By NHI Mgmt Group Editorial TeamPublished 2025-08-06Domain: Governance & RiskSource: Delinea

TL;DR: Rebuilt cloud-native platforms that combine vaulting, session monitoring, just-in-time access, policy automation, and a 99.995% uptime SLA are being framed as the core response to fragmented privileged access tooling, according to Delinea. For IAM and PAM teams, the message is that platform reliability is now part of identity control design, not just an operations detail.


At a glance

What this is: A vendor analysis of how a rebuilt privileged identity platform changes the case for unified PAM, with resilience and integration positioned as the main operating requirements.

Why it matters: It matters because identity teams now have to treat platform availability, control consistency, and break-glass access as part of the same governance problem across privileged, non-human, and human access.

By the numbers:

👉 Read Delinea's perspective on platform resilience for privileged identity security


Context

Privileged identity security has become a platform problem, not a point-tool problem. When vaulting, session control, just-in-time access, and policy enforcement are fragmented, teams lose consistency, increase manual effort, and create gaps that adversaries can exploit across privileged and non-human identities.

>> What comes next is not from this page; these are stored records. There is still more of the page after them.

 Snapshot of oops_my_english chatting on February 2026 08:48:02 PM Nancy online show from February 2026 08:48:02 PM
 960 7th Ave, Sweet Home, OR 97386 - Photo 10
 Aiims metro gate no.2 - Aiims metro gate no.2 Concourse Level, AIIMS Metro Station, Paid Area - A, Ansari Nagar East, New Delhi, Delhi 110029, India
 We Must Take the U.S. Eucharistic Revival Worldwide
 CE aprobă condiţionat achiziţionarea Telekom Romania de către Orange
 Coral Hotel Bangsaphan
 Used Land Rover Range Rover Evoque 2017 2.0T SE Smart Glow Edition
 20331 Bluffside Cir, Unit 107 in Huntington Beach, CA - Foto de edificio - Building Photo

Delinea argues that a rebuilt platform is meant to address those gaps with tighter integration and higher availability. For IAM and PAM teams, the real question is whether the operating model can keep pace with environments where access is distributed, temporary, and increasingly dependent on uninterrupted control-plane availability.


Key questions

Q: How should security teams govern just-in-time privileged access across multiple systems?

A: They should treat just-in-time access as a single control path, not a set of separate features. Approval, credential issuance, session monitoring, and revocation need shared policy, shared logging, and clear ownership. If those steps are split across tools, the access window becomes harder to observe and harder to close.

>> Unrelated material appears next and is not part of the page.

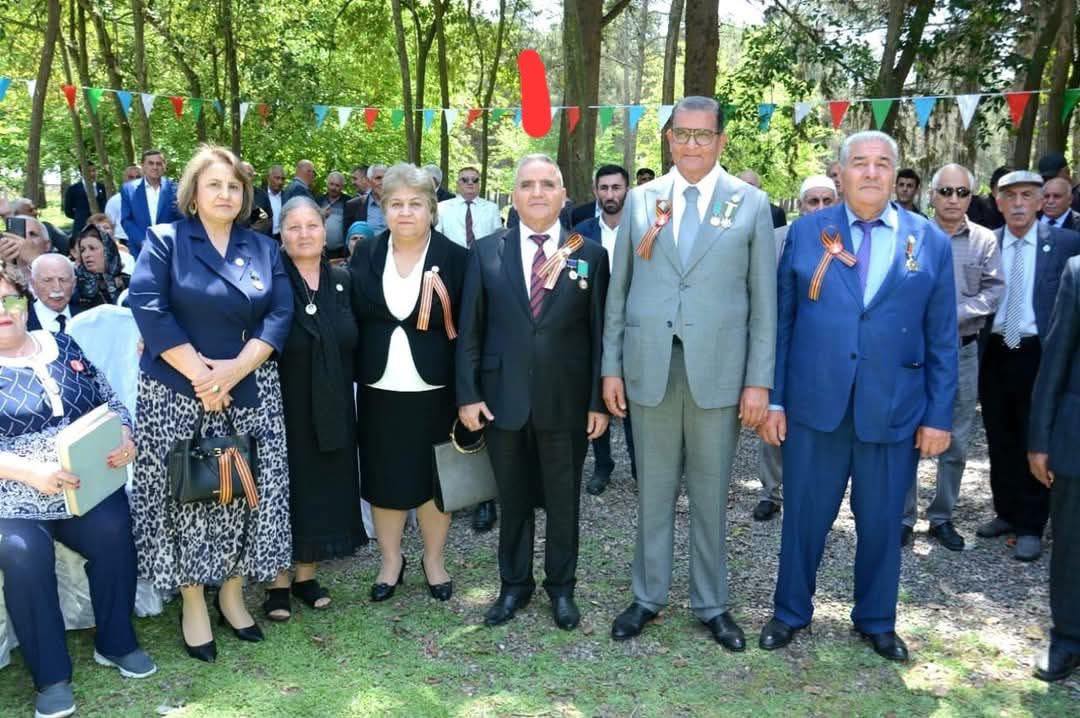 İmişli Ağsaqqallar Şurasının yeni sədri də “Georgi lenti” taxıbmış - FOTO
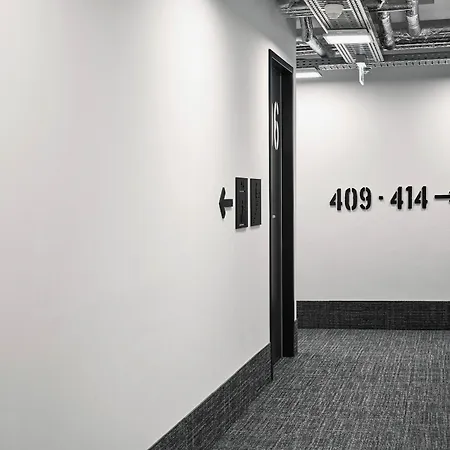 H.ostel Vandrarhem *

Q: Why does platform availability matter in privileged identity management?

A: Because privileged identity platforms are control planes, not passive repositories. If the platform is down, teams may lose the ability to approve, constrain, or audit high-risk access at the moment they need it most. That makes resilience a security requirement, not just an uptime metric.

Q: What breaks when privileged access tooling is stitched together from point products?

A: Consistency breaks first, then visibility. Separate tools often create mismatched policy logic, incomplete audit trails, and delayed revocation, which means the governance model cannot reliably follow the session from request to termination. The result is a privileged path that looks controlled on paper but behaves unevenly in practice.

Q: How should teams govern break-glass access without creating permanent exceptions?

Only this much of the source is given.